Lo abbracciarono. Invece di organizzare una dubbiosa colletta era molto meglio preparare una tombola. Conoscendo il motivo, sarebbe accorsa gente anche da altri paesi. Era un’idea geniale. A Rancas l’idea fu completata da don Teodoro Santiago. Perché non invitare l’Alcalde di Cerro de Pasco?
“Quello non ci darà retta!”
“Tanto vale provare!”
“Forse ci comprerà qualche bigliettino.”
“Figurarsi!”
“Tentare non costa niente!”
Minacciava pioggia. Il cielo si blindava di squame livide. Indifferenti alla tormenta, si diressero al Municipio, un edificio a due piani con porte e finestre verdi che non sfugge agli orrori dell’architettura di Cerro. Fortunato entrò solo. Uscí raggiante.
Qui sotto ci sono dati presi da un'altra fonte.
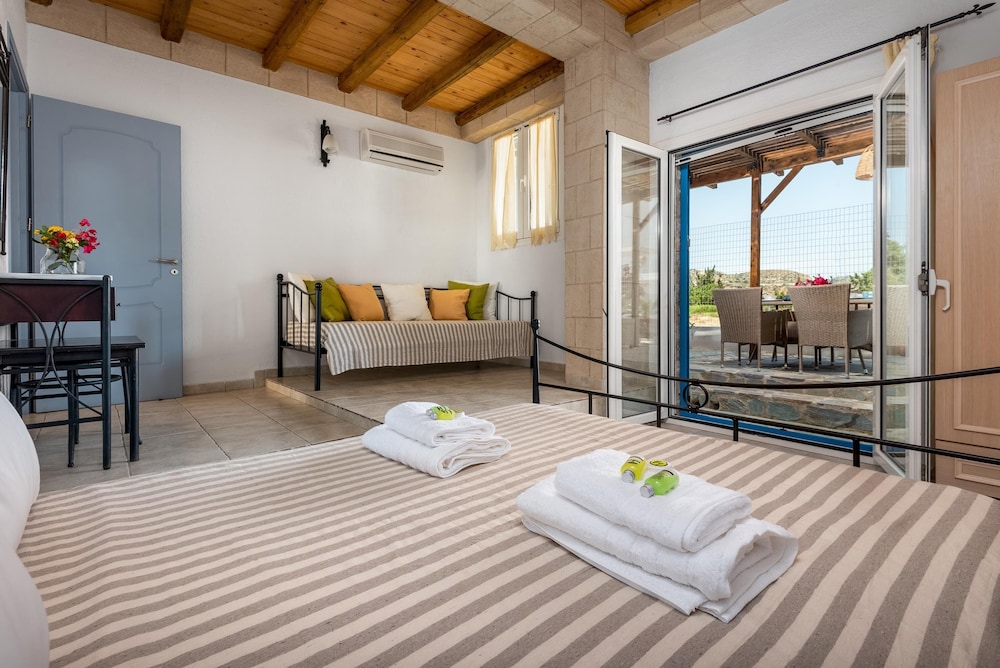Agnanti Beach Apartments - Galini photo 2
“Entrate, entrate! L’Alcalde ci riceve!”
Si scrostarono coi sassi il fango delle scarpe. Mica volevano correre il rischio di sporcare il pavimento del Municipio!
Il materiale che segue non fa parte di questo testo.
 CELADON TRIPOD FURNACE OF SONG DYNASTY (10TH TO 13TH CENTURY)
Davanti a una tavola coperta di panno verde, li aspettava l’Alcalde, don Genaro Ledesma, un uomo sui trent’anni.
“Bene, in che cosa posso servirvi?”
Era una voce calda, lenta.
“Siamo comuneros di Rancas, dottore,” spiegò Fortunato. “Non so se lei conosce il nostro problema. La ‘Cerro de Pasco Corporation’...”
“Il Recinto?” domandò.
Rimasero di stucco. Finalmente un’autorità riconosceva l’esistenza di quell’invisibile serpente.
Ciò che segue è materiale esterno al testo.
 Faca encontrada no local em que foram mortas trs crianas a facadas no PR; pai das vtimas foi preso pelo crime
“Lei ha visto il Recinto? Lo ha visto davvero?” domandò incredulo Rivera.
“Sí, come lo hanno visto tutti.”
“Ma lo ha visto davvero?”
“Sí, sí. Come posso non vederlo se è proprio alle porte di Cerro?”
“E lei che cosa ne pensa, dottore?” domandò Fortunato, con circospezione.
“È un abuso intollerabile. ‘La Cerro’ non ha alcun diritto.”
Parlava senza affrettarsi.
“Siamo venuti a chiedere un po’ d’aiuto da parte del Municipio, dottore,” disse Rivera.
“Di che cosa si tratta?”
“Vorremmo che il Municipio ci aiutasse, comprando qualche bigliettino di una tomboletta.”
“Una tombola? A che scopo?”
“Abbiamo organizzato una tombola per mettere insieme quello che serve a pagare gli onorari del dottor Parrales.”
“Il Giudice?”
“Si, dottore.”
“Onorari per che cosa?”
“Per constatare l’esistenza del Recinto il dottore vuole diecimila soles. Noi possiamo metterne insieme cinquemila. Se il Municipio ci aiuta, completeremo la somma,” buttò fuori Fortunato.
“Siete matti?”
Abbassarono la testa, costernati.
“Il dottor Parrales non deve chiedervi nessun onorario. Ha il dovere di formulare quella constatazione. Non dovete dargli nemmeno un centesimo. Il Giudice riceve uno stipendio dallo Stato. Verificare gli abusi è un obbligo.”
“Allora, lei non ci può aiutare?” domandò Rivera, col poco fiato che gli rimaneva in corpo.
“Darvi denaro per corrompere il Giudice sarebbe immorale. Il Municipio può aiutarvi in un altro modo.”
“In che modo, dottore?”
L’Alcalde rifletté.
“Questa faccenda de ‘La Cerro’ è molto grave. È la cosa piú grave che si è vista in questo distretto. Questo è solo un inizio; quale sarà la fine? Bisogna fare una denunzia, amici miei. È l’unico modo di risolvere questo problema. Oggi stesso parlerò per radio e denuncerò lo scandalo. E per prima cosa, denuncerò il dottor Parrales.”